PURLEY, TX—After years of unsuccessful efforts to establish itself as a center of tourism, industry or Texas history, the tiny East Texas town of Purley finally put itself on the map Monday, when civic leaders unveiled the world's largest fiberglass chili dog.

The oversized wiener replica—centerpiece of Purley's campaign to become "Chili Dog Capital Of The World"—was christened at a ceremony attended by Purley's 233 residents, as well as reporters from as far away as Floyd County.

The monument that will soon have tourists "flocking to Purley in droves."

"In the name of the good people of Purley, Texas," said Mayor Owen Hudspeth, breaking a jar of mustard over the monument's base, "I hereby dedicate this statue as the official symbol of Purley chili-dog pride."

Conveniently located just 11 miles south of Highway 8, the giant simulated frank boasts a height of 27 feet and an estimated weight of two tons. According to Bernice Smalls, curator of Purley's soon-to-open National Chili Dog Hall Of Fame And Museum, the chili dog is the second tallest free-standing fiberglass food item in the world, second only to a 35-foot-tall corn muffin in Kearney, NE.

"To give you an idea of the size of this chili dog, consider that, if it were real, it would contain 24 million calories and 450,000 grams of fat," Smalls said. "You'd have to jog across Texas 415 times just to burn it off."

Added Smalls: "I certainly wouldn't recommend that to anyone on a diet."

The mayor said that the chili dog and the adjacent museum, opening June 1, should attract an estimated 400,000 tourists annually, pumping millions of dollars into the local economy and creating more than 300 wiener-related jobs.
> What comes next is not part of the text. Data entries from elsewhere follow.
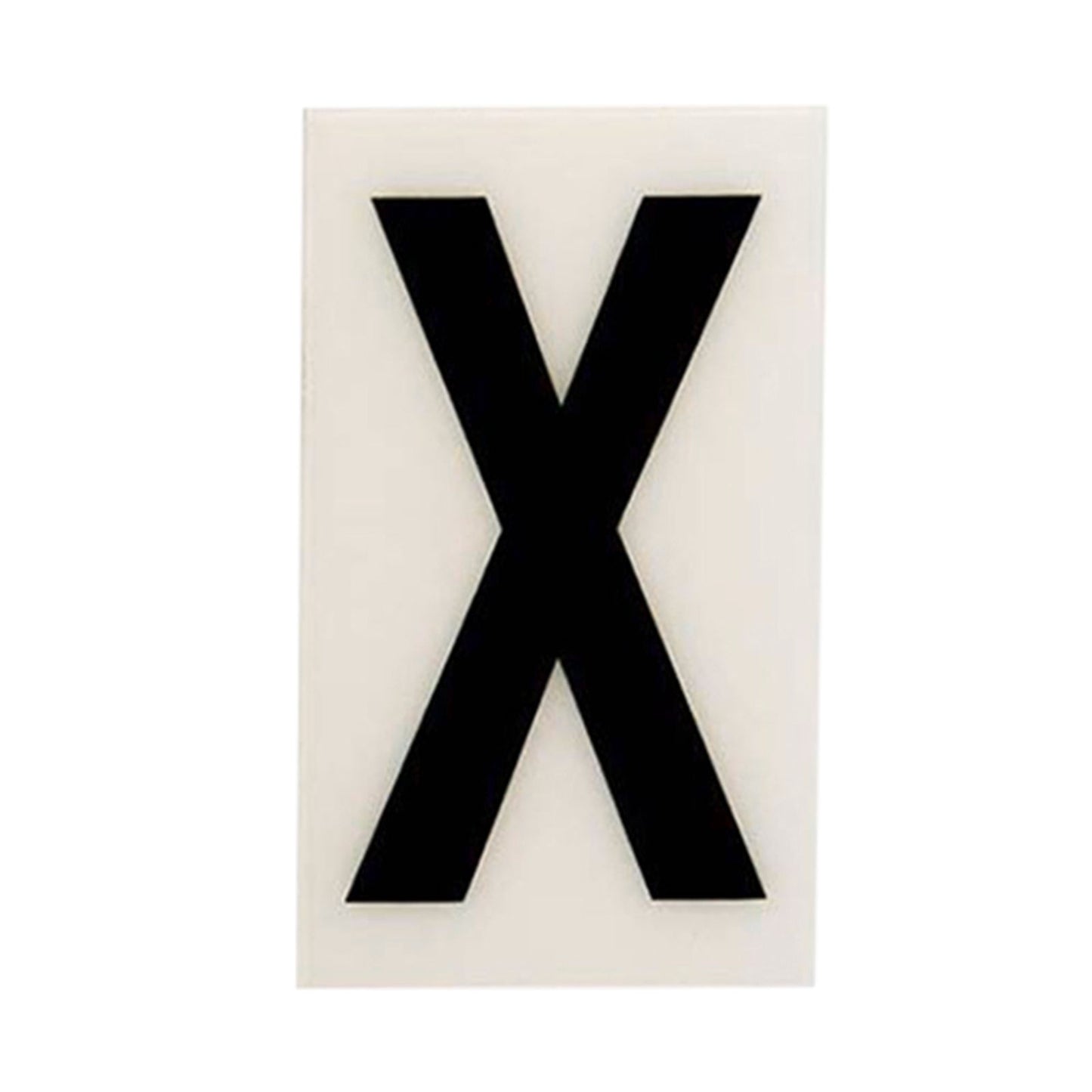 Sandleford White Self Adhesive House Letter X - 60mm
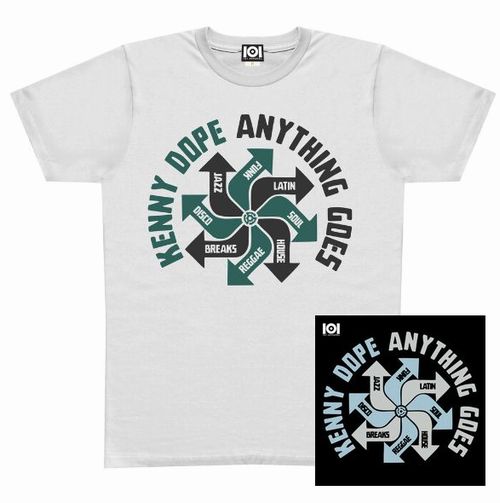KENNY DOPE / ケニー・ドープ / ANYTHING GOES MIX CD & T-SHIRT WHITE(S)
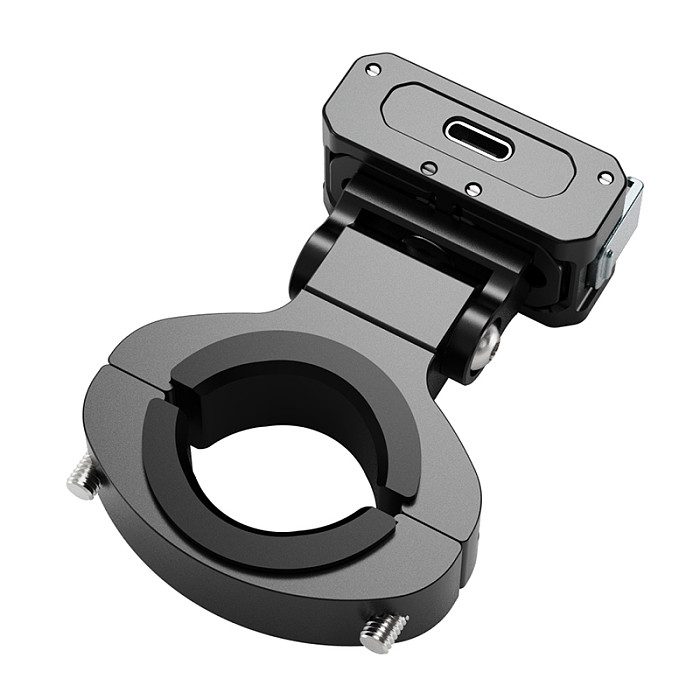 Action 2 Charging Type-c Magnetic quick loading bike clip Sports camera cycling stand Mount for DJI Action 5 pro 4 3 2 quick release bracket
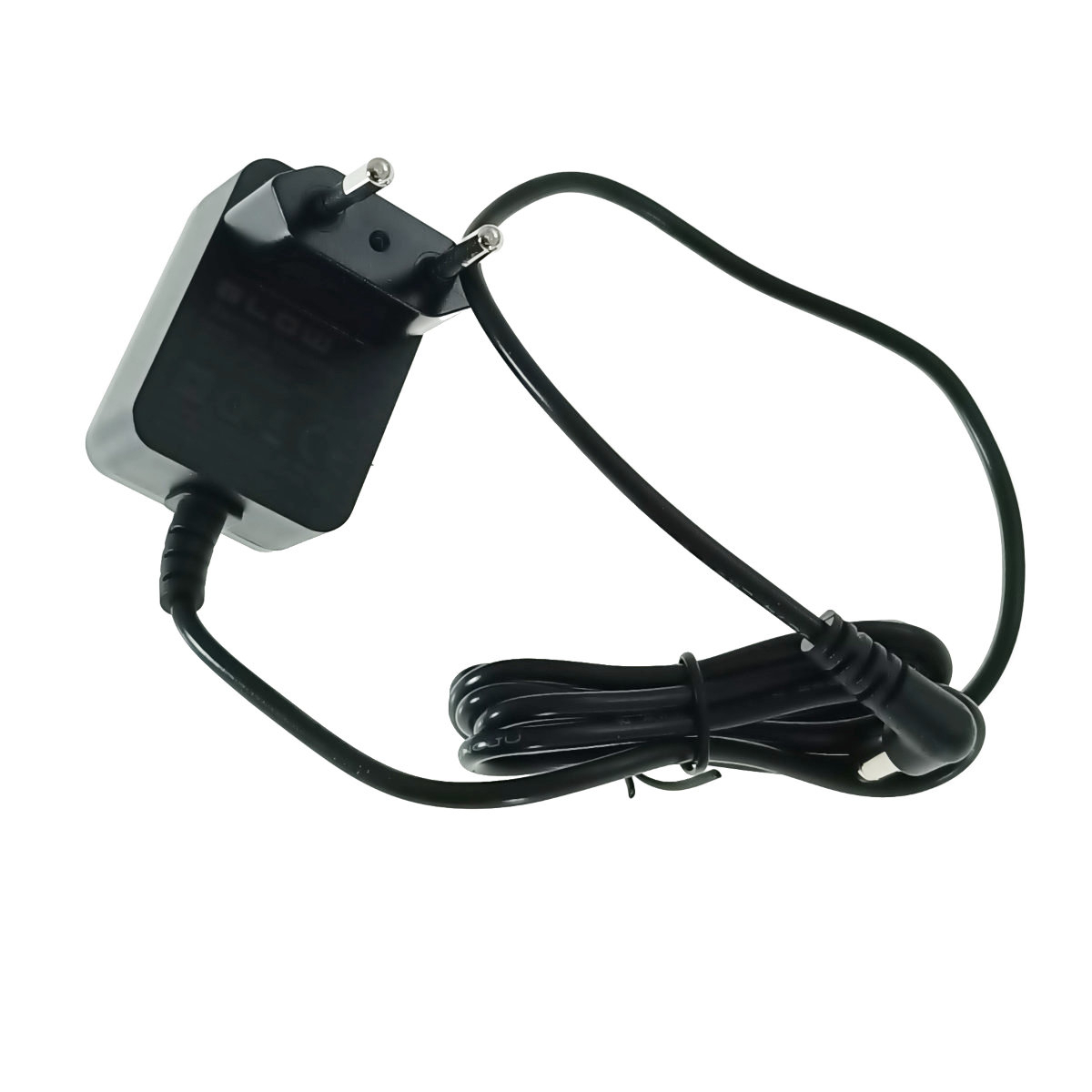 Alimentator de 12V-0.5A, 6W, cu mufa jack 2.1x5.5mm la 90 grade, Blow 10285, cablu de 1.2m, polaritate inversata, negru [2]
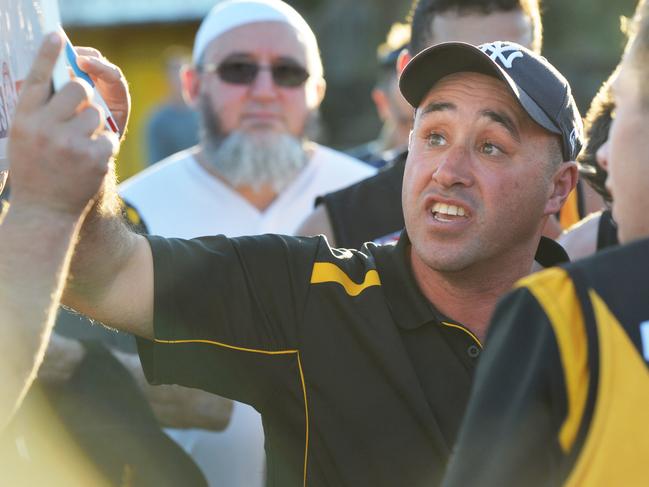 EDFL (Div 1): Westmeadows v east keilor .Westmeadows coach  Mohammed Kaakour .Picture:Rob Leeson.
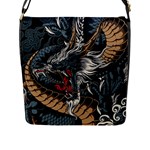 Dragon Snake Legend Japanese Mythology Flap Closure Messenger Bag (L)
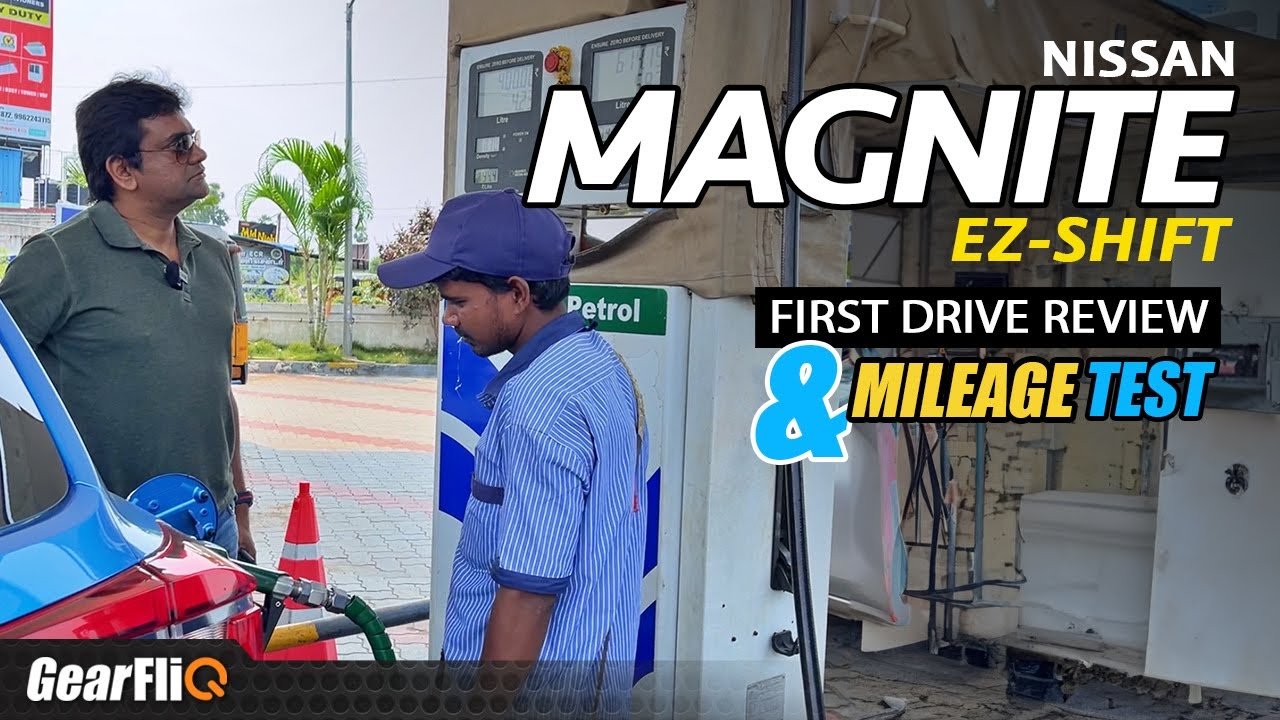 Nissan Magnite EZ-Shift (AMT) - Mileage Test and Drive Review | Should you buy? | GearFliQ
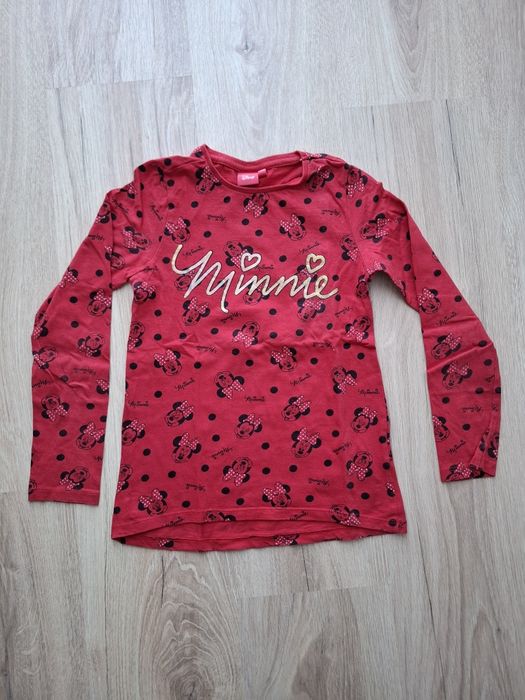 Pepco Disney Minnie Mouse bluzka z długim rękawem czerwona rozmiar 134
A two-star hotel is also under construction.

"We're really moving into the big-time now," Hudspeth said. "As Chili Dog Capital Of The World, Purley will be the vacation destination for millions of chili-dog lovers around the globe. I just hope we are equipped to handle the crush of visitors."

The massive chili-dog simulacrum is expected to help Purley lure tourists from the many other competing world capitals nearby, including: Centerville (Okra Capital Of The World); Tyler (Allen Wrench Capital Of The World); Nacogdoches (Carbon-Dioxide Capital Of The World); and Rusk (Unicycling Capital Of The World).

Purley Mayor Owen Hudspeth, who says the fiberglass chili dog will bring millions of tourist dollars to local businesses like the McMillin Grocery.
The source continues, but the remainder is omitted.